Density, distribution function, quantile function and random generation for the Sharpe ratio distribution with df degrees of freedom (and optional signal-noise-ratio zeta).

Usage

dsr(x, df, zeta, ope, ...)

psr(q, df, zeta, ope, ...)

qsr(p, df, zeta, ope, ...)

rsr(n, df, zeta, ope)

Value

dsr gives the density, psr gives the distribution function, qsr gives the quantile function, and rsr generates random deviates.

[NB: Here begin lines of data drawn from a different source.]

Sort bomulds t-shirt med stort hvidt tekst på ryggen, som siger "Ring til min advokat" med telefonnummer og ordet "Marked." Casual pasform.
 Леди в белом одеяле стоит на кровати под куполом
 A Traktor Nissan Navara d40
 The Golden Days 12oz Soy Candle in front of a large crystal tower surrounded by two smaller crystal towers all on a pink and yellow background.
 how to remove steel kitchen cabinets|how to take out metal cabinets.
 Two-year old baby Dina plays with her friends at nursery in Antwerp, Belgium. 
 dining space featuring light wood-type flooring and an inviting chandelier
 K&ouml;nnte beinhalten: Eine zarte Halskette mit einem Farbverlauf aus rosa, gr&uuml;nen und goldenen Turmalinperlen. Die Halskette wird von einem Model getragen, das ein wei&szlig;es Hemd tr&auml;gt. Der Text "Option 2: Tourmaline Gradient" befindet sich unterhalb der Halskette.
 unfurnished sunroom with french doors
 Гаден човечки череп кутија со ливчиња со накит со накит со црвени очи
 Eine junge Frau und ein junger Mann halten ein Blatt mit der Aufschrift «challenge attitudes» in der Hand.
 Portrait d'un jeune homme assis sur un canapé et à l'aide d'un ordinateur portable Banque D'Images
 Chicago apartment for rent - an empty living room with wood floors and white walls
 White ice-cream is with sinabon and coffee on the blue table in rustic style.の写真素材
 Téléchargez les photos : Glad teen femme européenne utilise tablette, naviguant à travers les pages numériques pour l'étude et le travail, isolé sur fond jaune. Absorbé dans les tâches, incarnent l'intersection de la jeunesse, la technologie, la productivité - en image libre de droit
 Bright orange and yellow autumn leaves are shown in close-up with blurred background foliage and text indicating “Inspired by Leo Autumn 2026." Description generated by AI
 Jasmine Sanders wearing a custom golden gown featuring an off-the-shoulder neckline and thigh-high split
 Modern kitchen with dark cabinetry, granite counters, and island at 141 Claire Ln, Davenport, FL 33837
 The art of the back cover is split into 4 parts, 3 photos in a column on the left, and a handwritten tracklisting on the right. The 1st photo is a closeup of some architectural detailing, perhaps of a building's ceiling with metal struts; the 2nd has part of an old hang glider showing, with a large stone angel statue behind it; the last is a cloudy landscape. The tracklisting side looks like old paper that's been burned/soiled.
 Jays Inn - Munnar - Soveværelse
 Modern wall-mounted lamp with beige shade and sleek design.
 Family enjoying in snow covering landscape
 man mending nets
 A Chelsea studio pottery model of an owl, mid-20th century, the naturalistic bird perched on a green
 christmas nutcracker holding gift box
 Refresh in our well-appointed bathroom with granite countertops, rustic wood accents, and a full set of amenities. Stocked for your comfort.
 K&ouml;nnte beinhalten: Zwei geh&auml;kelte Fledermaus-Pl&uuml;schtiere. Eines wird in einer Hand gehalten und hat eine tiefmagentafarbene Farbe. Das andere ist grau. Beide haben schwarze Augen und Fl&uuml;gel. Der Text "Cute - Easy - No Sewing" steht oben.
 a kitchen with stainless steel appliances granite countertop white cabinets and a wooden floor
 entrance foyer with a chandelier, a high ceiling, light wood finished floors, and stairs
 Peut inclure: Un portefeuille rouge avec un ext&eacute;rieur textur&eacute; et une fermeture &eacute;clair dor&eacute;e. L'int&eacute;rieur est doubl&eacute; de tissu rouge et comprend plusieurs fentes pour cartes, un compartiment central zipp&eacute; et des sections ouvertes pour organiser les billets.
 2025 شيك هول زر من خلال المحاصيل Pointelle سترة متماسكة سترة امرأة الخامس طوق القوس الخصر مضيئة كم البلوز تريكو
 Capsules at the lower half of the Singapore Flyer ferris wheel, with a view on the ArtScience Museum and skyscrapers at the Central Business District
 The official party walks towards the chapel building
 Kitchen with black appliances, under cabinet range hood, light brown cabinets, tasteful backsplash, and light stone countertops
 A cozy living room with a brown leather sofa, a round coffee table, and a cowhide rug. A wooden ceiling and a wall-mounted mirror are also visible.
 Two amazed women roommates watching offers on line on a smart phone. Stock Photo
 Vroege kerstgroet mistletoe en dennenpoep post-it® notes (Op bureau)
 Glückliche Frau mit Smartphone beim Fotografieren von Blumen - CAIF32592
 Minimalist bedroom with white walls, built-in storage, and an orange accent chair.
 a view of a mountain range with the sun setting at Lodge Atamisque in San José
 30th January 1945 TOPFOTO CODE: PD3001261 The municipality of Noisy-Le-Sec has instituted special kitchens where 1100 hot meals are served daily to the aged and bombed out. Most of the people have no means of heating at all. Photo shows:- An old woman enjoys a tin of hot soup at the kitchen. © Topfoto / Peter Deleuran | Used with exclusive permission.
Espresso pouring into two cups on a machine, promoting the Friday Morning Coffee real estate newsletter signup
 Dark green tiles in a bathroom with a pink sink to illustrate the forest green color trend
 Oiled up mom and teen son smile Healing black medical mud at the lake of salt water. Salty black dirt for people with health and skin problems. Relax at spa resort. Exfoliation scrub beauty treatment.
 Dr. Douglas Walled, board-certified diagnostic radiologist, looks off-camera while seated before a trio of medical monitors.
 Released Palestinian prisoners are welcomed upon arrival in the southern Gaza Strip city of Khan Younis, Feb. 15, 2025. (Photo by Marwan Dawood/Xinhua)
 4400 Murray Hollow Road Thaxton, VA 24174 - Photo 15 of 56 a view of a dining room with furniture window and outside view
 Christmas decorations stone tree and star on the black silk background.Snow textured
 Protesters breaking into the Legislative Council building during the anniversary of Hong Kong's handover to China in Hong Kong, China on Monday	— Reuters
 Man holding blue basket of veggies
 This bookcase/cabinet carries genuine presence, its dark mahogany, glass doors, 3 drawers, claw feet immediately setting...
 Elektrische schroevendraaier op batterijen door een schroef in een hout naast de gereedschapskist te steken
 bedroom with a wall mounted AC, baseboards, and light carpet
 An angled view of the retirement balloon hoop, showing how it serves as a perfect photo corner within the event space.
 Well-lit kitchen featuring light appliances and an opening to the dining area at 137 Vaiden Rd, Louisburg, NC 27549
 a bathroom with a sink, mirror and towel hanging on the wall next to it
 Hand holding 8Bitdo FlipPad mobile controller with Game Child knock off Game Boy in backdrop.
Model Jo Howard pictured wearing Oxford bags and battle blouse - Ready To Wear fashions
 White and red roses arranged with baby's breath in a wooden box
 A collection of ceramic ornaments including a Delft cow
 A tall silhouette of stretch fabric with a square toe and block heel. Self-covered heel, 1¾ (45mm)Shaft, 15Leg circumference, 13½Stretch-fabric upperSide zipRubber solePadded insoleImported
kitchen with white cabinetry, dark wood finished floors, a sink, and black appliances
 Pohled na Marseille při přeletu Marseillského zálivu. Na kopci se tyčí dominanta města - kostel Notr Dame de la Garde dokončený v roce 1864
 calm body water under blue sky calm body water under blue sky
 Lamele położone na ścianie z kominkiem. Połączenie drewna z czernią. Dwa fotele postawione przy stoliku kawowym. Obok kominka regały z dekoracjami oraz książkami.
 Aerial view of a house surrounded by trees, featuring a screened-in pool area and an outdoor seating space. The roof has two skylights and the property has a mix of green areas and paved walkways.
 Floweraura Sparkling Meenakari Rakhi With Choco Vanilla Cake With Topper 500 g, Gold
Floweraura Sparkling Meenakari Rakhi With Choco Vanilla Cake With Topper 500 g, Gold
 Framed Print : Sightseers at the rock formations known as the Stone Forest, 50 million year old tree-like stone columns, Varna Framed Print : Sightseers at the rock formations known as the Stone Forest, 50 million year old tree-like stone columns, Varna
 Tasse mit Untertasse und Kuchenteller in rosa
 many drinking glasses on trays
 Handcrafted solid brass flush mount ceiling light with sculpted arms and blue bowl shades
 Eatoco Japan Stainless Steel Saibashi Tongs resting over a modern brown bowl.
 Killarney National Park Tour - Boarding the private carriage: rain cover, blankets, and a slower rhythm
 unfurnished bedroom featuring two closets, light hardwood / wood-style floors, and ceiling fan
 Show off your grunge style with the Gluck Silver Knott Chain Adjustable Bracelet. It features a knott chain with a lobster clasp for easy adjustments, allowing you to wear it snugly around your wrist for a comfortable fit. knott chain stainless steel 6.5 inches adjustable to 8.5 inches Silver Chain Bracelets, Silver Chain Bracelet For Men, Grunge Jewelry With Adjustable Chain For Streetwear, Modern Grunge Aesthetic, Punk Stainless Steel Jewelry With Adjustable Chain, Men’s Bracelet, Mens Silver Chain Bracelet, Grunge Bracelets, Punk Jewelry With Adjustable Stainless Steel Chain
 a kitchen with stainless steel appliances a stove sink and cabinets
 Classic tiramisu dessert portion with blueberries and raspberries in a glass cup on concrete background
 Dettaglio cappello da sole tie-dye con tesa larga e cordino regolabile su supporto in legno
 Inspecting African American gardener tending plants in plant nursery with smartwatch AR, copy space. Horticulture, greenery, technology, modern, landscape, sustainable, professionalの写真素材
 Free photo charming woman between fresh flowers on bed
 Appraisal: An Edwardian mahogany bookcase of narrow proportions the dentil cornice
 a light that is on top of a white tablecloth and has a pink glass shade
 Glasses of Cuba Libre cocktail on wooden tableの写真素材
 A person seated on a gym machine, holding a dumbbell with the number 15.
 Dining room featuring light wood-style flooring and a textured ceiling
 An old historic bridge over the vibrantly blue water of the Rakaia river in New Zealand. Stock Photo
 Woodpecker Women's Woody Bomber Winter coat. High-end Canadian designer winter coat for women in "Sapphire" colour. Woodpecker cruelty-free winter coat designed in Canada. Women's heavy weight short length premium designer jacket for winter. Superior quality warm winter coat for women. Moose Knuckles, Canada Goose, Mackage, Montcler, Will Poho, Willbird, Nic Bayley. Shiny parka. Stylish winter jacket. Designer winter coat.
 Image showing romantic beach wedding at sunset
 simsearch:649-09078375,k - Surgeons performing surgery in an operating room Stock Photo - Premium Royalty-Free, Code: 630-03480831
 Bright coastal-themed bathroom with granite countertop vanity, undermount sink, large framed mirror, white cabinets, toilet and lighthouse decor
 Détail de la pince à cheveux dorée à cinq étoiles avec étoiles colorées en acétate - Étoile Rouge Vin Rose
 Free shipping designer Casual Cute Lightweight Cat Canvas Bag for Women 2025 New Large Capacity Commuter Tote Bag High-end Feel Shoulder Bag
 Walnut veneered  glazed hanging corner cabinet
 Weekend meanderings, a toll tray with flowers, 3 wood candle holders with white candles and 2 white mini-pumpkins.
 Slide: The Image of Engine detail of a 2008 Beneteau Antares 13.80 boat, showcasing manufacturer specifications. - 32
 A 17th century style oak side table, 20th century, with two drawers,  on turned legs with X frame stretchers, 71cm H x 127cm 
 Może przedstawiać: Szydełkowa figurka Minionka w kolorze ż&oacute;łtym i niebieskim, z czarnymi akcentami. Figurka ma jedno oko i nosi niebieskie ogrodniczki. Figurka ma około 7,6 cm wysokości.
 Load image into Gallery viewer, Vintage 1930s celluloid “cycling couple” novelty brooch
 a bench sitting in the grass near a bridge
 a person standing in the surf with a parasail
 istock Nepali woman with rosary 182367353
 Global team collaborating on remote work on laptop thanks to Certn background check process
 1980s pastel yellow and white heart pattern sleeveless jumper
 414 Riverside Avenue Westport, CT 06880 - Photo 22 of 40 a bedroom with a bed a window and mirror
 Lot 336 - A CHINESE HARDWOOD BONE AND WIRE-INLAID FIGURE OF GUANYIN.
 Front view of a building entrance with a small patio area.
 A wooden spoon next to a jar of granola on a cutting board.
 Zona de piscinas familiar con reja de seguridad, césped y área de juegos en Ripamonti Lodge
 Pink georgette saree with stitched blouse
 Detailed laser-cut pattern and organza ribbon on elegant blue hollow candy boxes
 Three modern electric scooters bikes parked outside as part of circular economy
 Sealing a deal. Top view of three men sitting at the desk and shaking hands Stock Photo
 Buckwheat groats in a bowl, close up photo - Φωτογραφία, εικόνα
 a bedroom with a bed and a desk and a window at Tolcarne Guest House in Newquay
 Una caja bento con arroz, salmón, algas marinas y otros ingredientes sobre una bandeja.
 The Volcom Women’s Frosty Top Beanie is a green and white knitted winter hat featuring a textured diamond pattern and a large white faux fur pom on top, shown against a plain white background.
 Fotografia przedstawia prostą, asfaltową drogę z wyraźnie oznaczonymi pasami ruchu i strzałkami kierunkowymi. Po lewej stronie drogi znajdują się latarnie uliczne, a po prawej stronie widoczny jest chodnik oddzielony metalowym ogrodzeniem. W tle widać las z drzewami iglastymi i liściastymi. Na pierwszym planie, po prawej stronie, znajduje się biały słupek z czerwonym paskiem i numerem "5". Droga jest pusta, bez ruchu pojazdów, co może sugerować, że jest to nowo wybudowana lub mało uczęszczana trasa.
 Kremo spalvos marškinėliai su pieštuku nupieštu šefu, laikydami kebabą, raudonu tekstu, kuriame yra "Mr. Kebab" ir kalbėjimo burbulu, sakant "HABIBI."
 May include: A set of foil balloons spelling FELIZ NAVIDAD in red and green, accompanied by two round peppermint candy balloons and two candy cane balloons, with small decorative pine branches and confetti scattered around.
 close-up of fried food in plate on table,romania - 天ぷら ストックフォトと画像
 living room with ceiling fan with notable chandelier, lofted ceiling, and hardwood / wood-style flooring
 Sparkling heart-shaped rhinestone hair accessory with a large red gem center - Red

Invalid arguments will result in return value NaN with a warning.

Arguments

x, q

vector of quantiles.

df

the number of observations the statistic is based on. This is one more than the number of degrees of freedom in the corresponding t-statistic, although the effect will be small when df is large.

zeta

the 'signal-to-noise' parameter, \(\zeta\) defined as the population mean divided by the population standard deviation, 'annualized'.

ope

the number of observations per 'epoch'. For convenience of interpretation, The Sharpe ratio is typically quoted in 'annualized' units for some epoch, that is, 'per square root epoch', though returns are observed at a frequency of ope per epoch. The default value is 1, meaning the code will not attempt to guess what the observation frequency is, and no annualization adjustments will be made.

...

arguments passed on to the respective t-distribution functions, namely lower.tail with default TRUE, log with default FALSE, and log.p with default FALSE.

p

vector of probabilities.

n

number of observations.

Author

Steven E. Pav shabbychef@gmail.com

Details

Suppose \(x_i\) are \(n\) independent draws of a normal random variable with mean \(\mu\) and variance \(\sigma^2\). Let \(\bar{x}\) be the sample mean, and \(s\) be the sample standard deviation (using Bessel's correction). Let \(c_0\) be the 'risk free rate'. Then $$z = \frac{\bar{x} - c_0}{s}$$ is the (sample) Sharpe ratio.

The units of \(z\) is \(\mbox{time}^{-1/2}\). Typically the Sharpe ratio is annualized by multiplying by \(\sqrt{d}\), where \(d\) is the number of observations per epoch (typically a year).

Letting \(z = \sqrt{d}\frac{\bar{x}-c_0}{s}\), where the sample estimates are based on \(n\) observations, then \(z\) takes a (non-central) Sharpe ratio distribution parametrized by \(n\) 'degrees of freedom', non-centrality parameter \(\zeta = \frac{\mu - c_0}{\sigma}\), and annualization parameter \(d\).

The parameters are encoded as follows:

  • \(n\) is denoted by df.

  • \(\zeta\) is denoted by zeta.

  • \(d\) is denoted by ope. ('Observations Per Year')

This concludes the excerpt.